The Annual Belvoir Hunt Boxing Day Meet in Grantham will not be going ahead for the second year running.
In a correspondence from SKDC sent to us by an anonymous member of the public this morning, it states
“Thank you for your enquiry regarding the Boxing Day/New Years Day Hunt Meets.
We are advised by our Head of Corporate Operations, that the hunt will not be visiting Grantham over the festive period.
As such we can confirm that South Kesteven District Council will not be hosting the hunt on its land on Boxing Day or New Years Day.”
A representative from Grantham Against Bloodsports said “The cancellation of the Belvoir Hunt, Boxing Day meeting should have taken place in 2018 following the serious assaults carried out by Hunt employees and four masked men on two Hunt Monitors.
“GABS raised these issues at SKDC meetings in the following years, but they failed to act.
“Following that conviction, we highlighted serious short-comings in the safety, organisation and
management of the Boxing Day meeting.”
This was highlighted at the Grantham Charter Trustees
meeting in Jan 2019 when the following statement was made by a councillor.

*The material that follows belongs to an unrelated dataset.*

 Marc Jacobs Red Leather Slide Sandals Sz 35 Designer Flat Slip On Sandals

“In the past the Greeting of The Hunt was done ‘on the nod’ and that no paperwork was filled in, no
one was advised and that telephone calls were made, the Hunt attended, drinks were given and
people turned out for the Event. It turns out that we were ‘wrong’ or the Hunt was wrong about
where the responsibility lay with regards to The Hunt”

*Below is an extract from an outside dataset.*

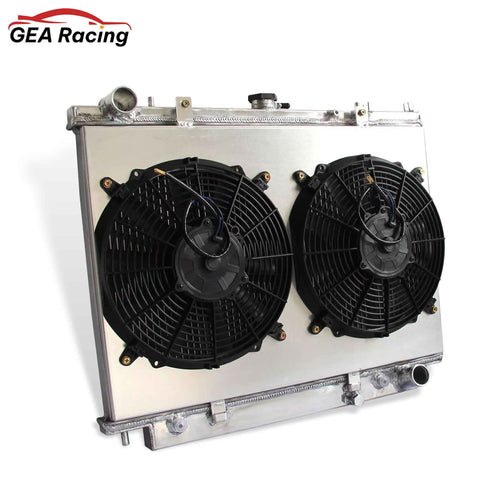 Aluminum radiator and fan shroud left side view for Honda Passport Isuzu Rodeo 1998-2004 AT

“The animal welfare issues, recently highlighted by the National Press & TV also questions the
association of Grantham with the Belvoir Hunt Meeting. The ill-treatment of hounds and the alleged
abuse of a horse at a Cottesmore Hunt meeting only emphasises that fact. This month another case
comes to court in Cornwall regarding the alleged killing of a 14-year-old pet cat by a hunt. These acts
appear endemic in Hunts with little regard for public property or pets.

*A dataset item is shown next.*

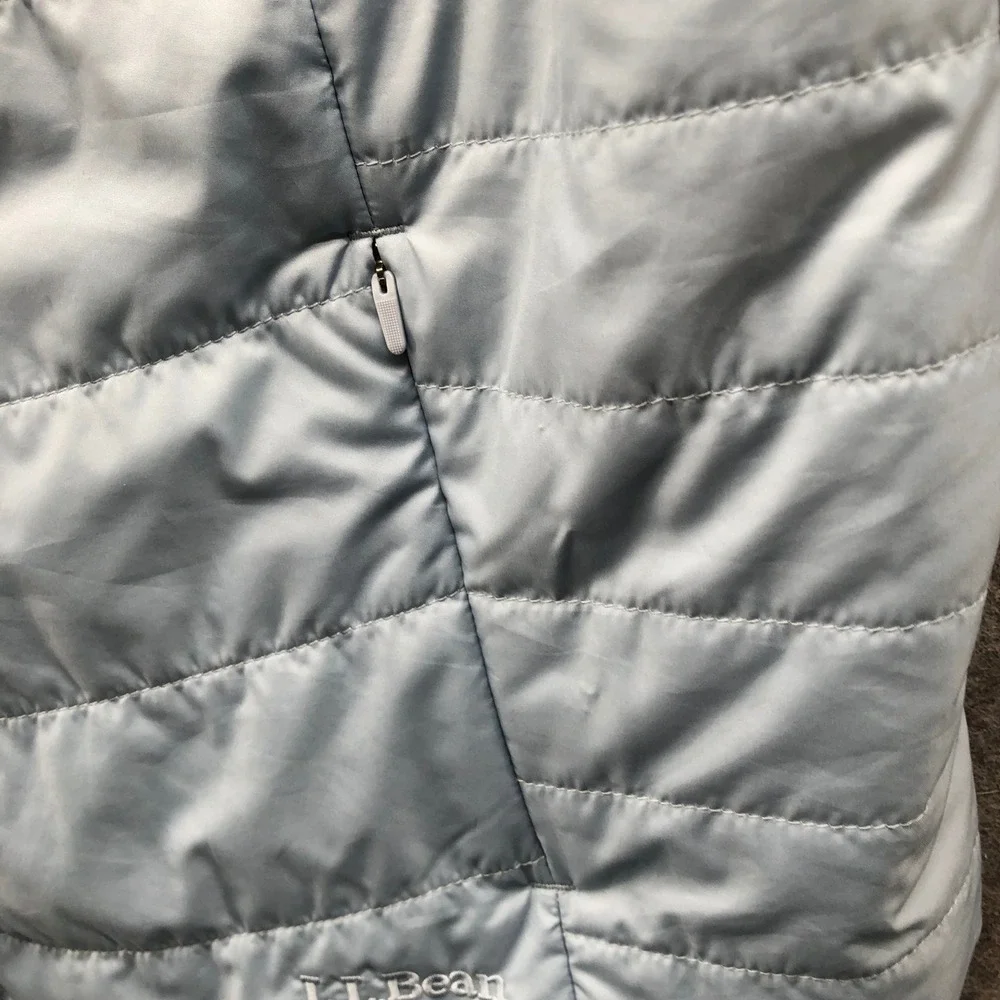 L.L. Bean Collarless Short Sleeve Puffer Jacket Womens S Light Blue Snap Button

“The Hunt usually respond with ‘heritage and tradition’ as reasons for permitting this event. Hunting
was banned by law in the 2004 Act. The tradition of hunting foxes & killing them with hounds was
made illegal. Trail hunting is what the hunts then claimed to be doing and if true then this was an
entirely new activity, which could not be described in any terms of heritage or tradition.
“The recent conviction of a director of the MFHA for encouraging illegal fox-hunting also raises
serious doubts about the reputational damage this event would bring on Grantham. The recent
conviction relating to the smokescreen trial shows that trail-hunting is just a cover for illegal hunting,
they never stopped killing.
“The flouting of the law at all levels has now been exposed and this event should never be re-instated
in Grantham.”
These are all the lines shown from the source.